We were awoken with refreshments brought to us ‘in bed.’ Nothing like starting a challenging climb with Coca leaf tea, the Peruvian’s trusted source to assist with altitude sickness.
After a delicious breakfast of crepes with Nutella it was time to begin the hardest day of the trail. It was three hours of walking, Inca flat, through steepening woods and spectacular terrain. Then following was an hour and half steep climb to the highest pass of the trail- Dead Woman’s Pass.
Surprisingly, it was not as challenging as I had envisioned. With so much spectacular scenery and things along the way to distract me I wasn’t thinking about how hard the climb was. Plus at the top we were rewarded with magnificent panoramic views of mountains and snow capped peaks.
And so the saying goes…what goes up must go down. We were about to begin the descend, which was commonly referred to as the gringo killer. This was harder than I had anticipated, the steps were large and it required an inordinate amount of concentration, which also meant I didn’t have the luxury to be distracted by the beauty that surrounded me, and the downward path seemed to continue endlessly. As I struggled and contemplated how long till I reached the end, the porters carrying 25 kg or more were running past me, down the steps in their sandals!
When the end was finally reached, we arrived at our campsite which was already set up, with the view even more superb than the last! After some food and debriefing the hardest day had been completed.
Day 3 – jungle and rainbows…
As we began our trek on the third day, the trail continued to surpass expectations. It was this day that it began to truly feel as if we were walking along the trail of the Incas, with the paving being for the most part original. We were also lucky enough to visit a few more archaeological Inca sites along the path.
The terrain and scenery on this day was more jungle-like with all sorts of unique plants being viewed along the way. The path began to descend into magnificent cloud-forest full of hanging mosses, tree ferns and flowers, where we also passed through an Inca tunnel, carved into the rock.

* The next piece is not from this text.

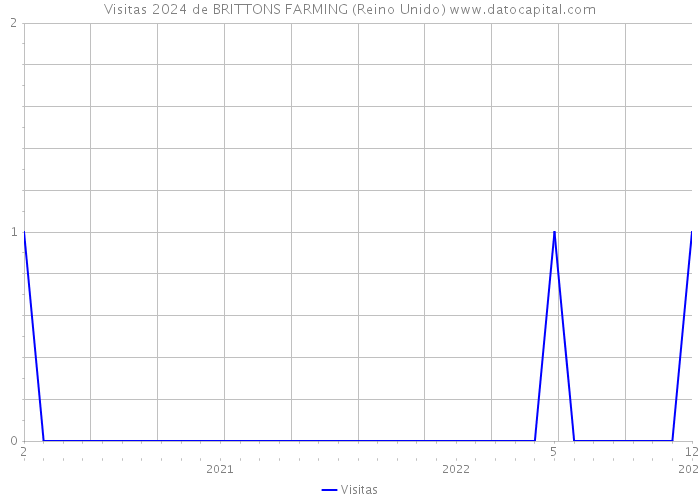 Visitas 2024 de BRITTONS FARMING (Reino Unido) 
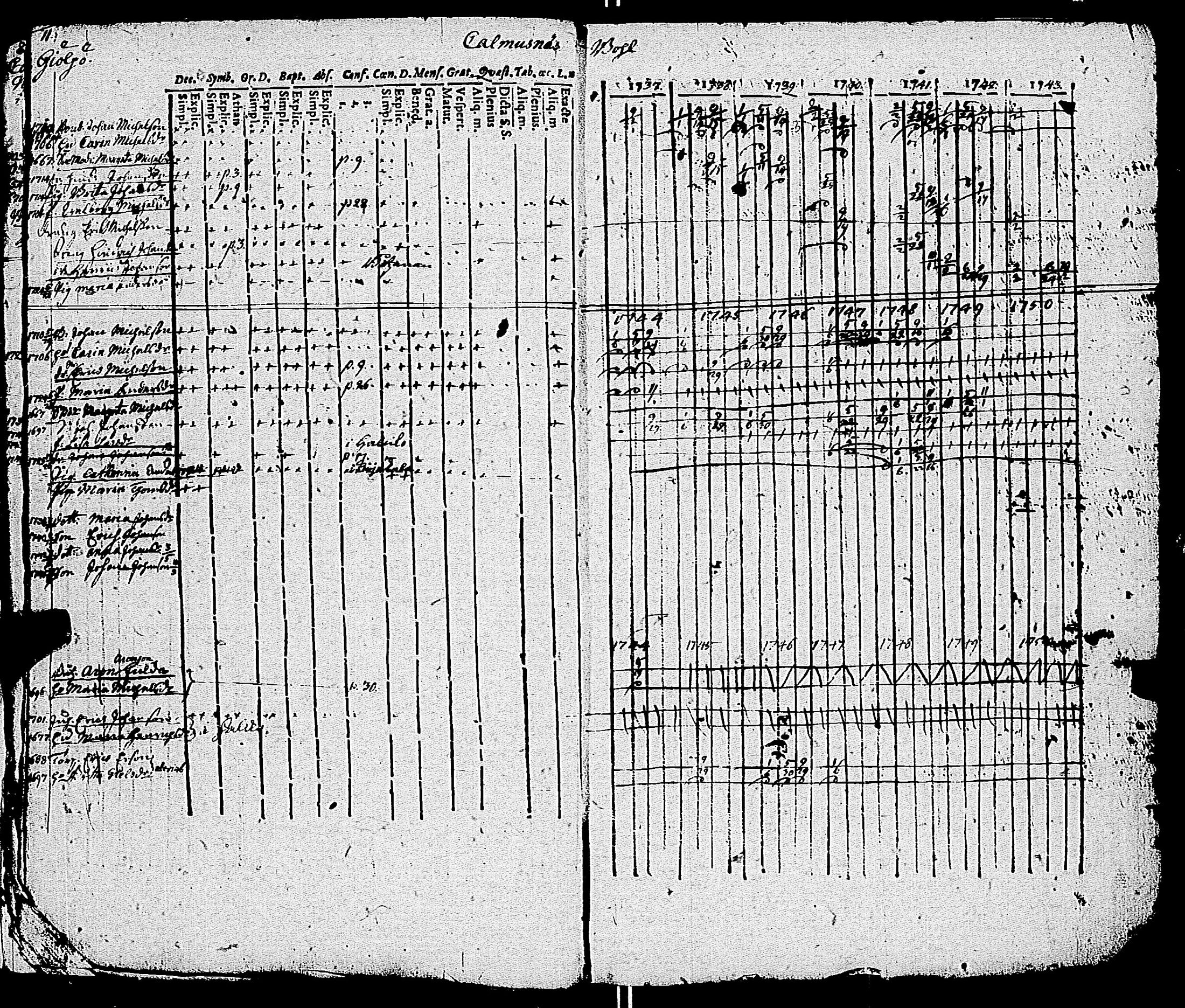[ ../kirjat/Kirkonkirjat/kemio/rippikirja_1737-1750_jk598-599/kuvat/14.jpg ]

However, towards the end of the day we saw the return of the gringo killer, with thousands of steps.
On this day we were also offered the option to go a long way, which reportedly had a spectacular view, or the alternative short way to the campsite. For me this was a no brainer, carpe diem…when else was I going to be in Peru. So I took the long way which involved trekking to some Inca terraces.

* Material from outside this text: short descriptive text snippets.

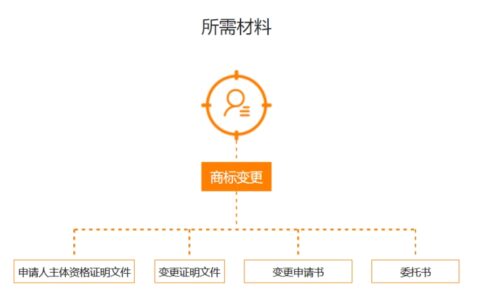 商标更正申请交费吗及商标更正申请的规定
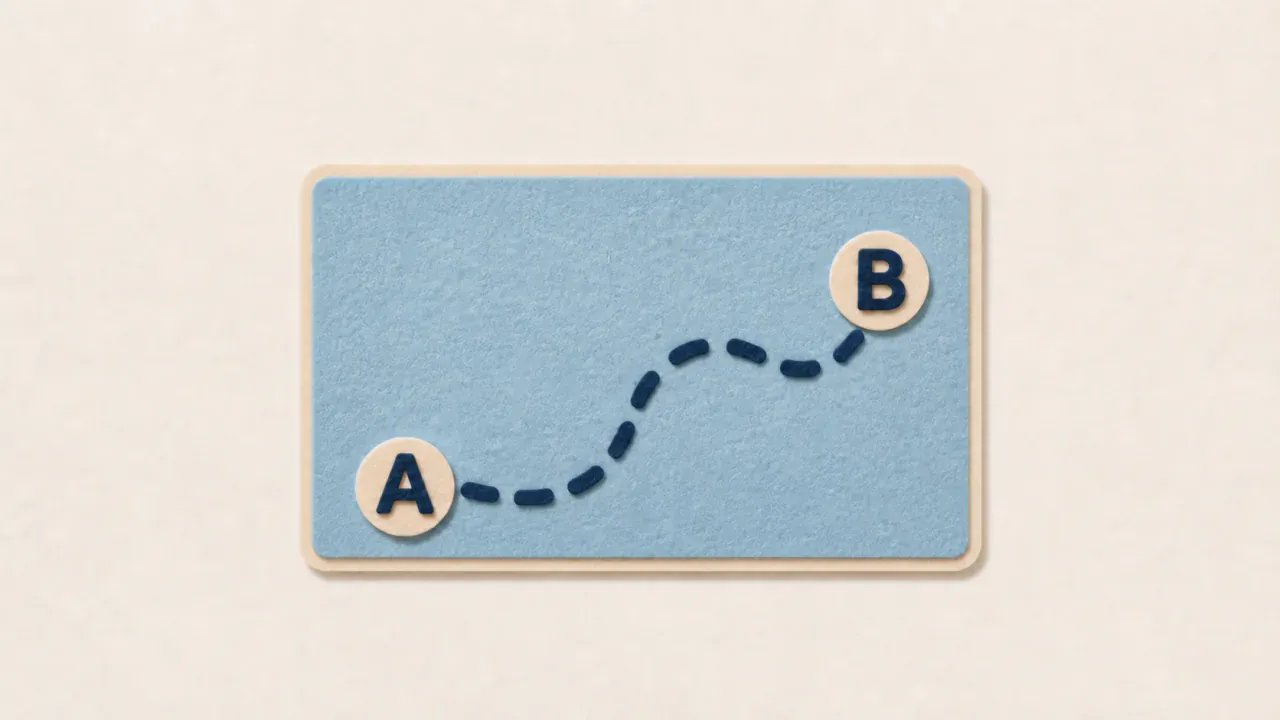A blue felt map with a dotted route from A to B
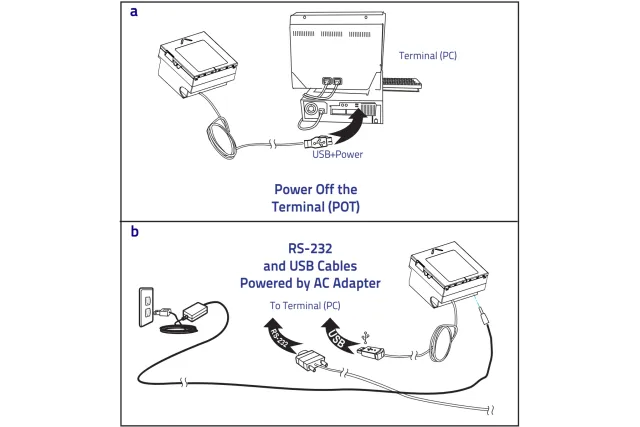 ZESTAW_PDS_PDI-E_15_MGL_3553I_USB 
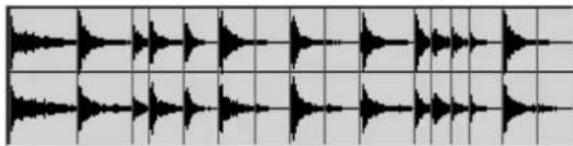 KORG Pa600 - The Time Slice procedure - 2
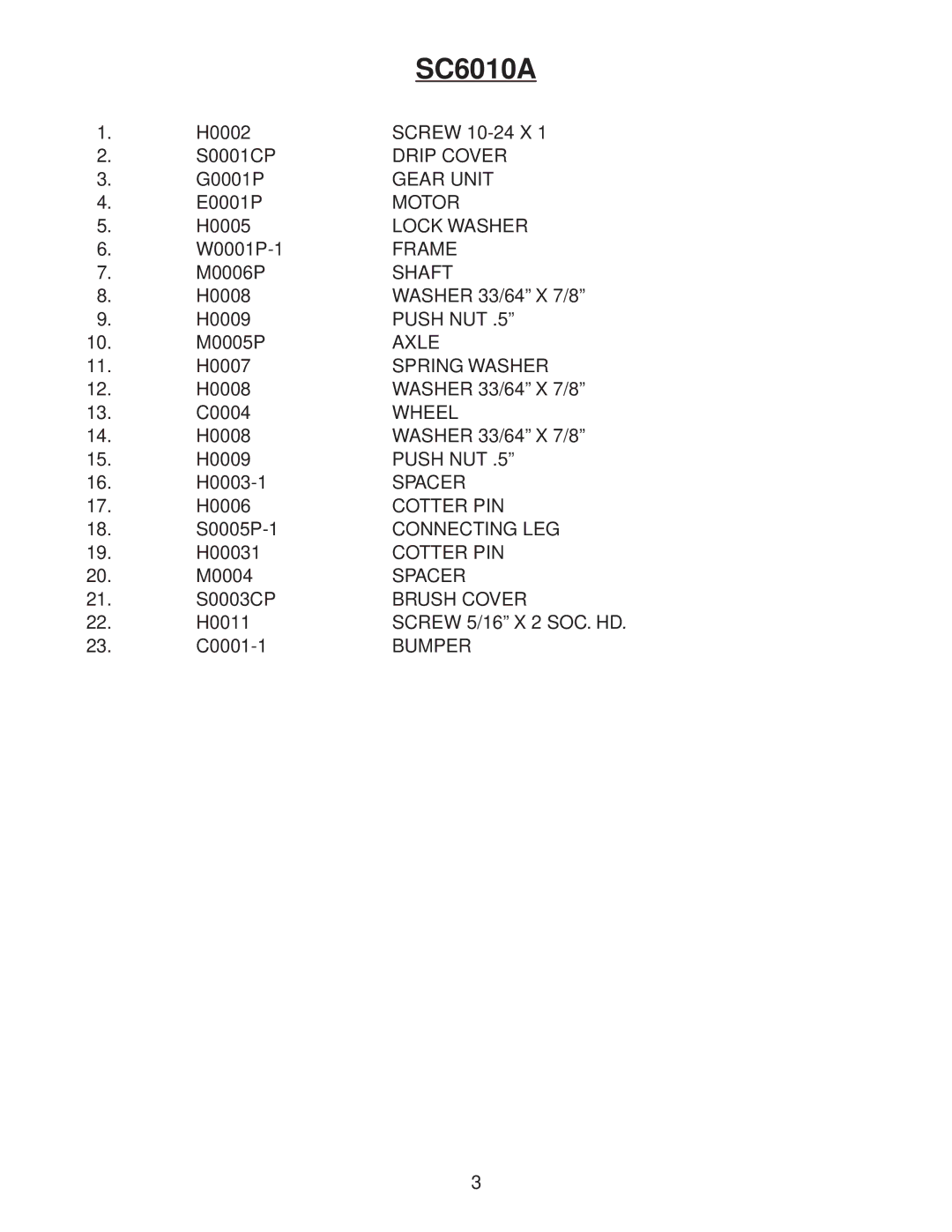 Sanitaire SC6010A manual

The terraces were impressive but the view was like nothing I had seen before, the terraces overlooked a large valley and we were lucky to capture a rainbow over it too.
This was our last night and we had to bid our farewells to the cook and the porters. The cook had made a delicious cake as a surprise, there were no ovens or any way of carrying or delivering a cake to the campsite, this cake was made with patience and a true passion for cooking. It took three hours to cook!

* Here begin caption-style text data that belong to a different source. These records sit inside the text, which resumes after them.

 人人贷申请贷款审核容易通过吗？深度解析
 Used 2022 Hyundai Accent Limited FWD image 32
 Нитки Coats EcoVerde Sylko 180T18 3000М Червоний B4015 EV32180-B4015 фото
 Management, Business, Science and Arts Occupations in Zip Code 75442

Day 4- the culmination…Machu Picchu
Today we woke up early with a 4:30 in the morning start in order to get to Macchu Pichu before the sunrise. There was only another hour and a half to walk and within an hour the first rays of sun were streaming through.
The trail contoured a mountainside, coming to cloud-forest before an almost vertical flight of 50 steps (where some trekkers almost literally had to get on their hands and knees and crawl) leading up to Intipunku, the Sun Gate. Here we got our first glimpse of Machu Picchu in all its glory. It was amazing seeing the enormity of it, staring down at the site really gave me an appreciation for what was truly a wonder. We were lucky as other travellers have reported it is often very foggy at the Sun Gate and it can be hard to see Machu Picchu. We watched the sun rise over Machu Picchu before trekking towards it to explore.
When we got to Machu Picchu I was still in awe of it, amazing to think of its vastness and how the Incas must have built this carrying the rocks through the mountainside, when I just managed to trek on a paved path with a measly 10 kg back pack. Within an hour the site was packed with tourists who arrived via the train and it made me realise how glad I was that I visited Machu Picchu this way, as although the wonder was awe inspiring, I expected it to be the climax but it was the journey and the amazing sites I saw along the way that really had me flawed.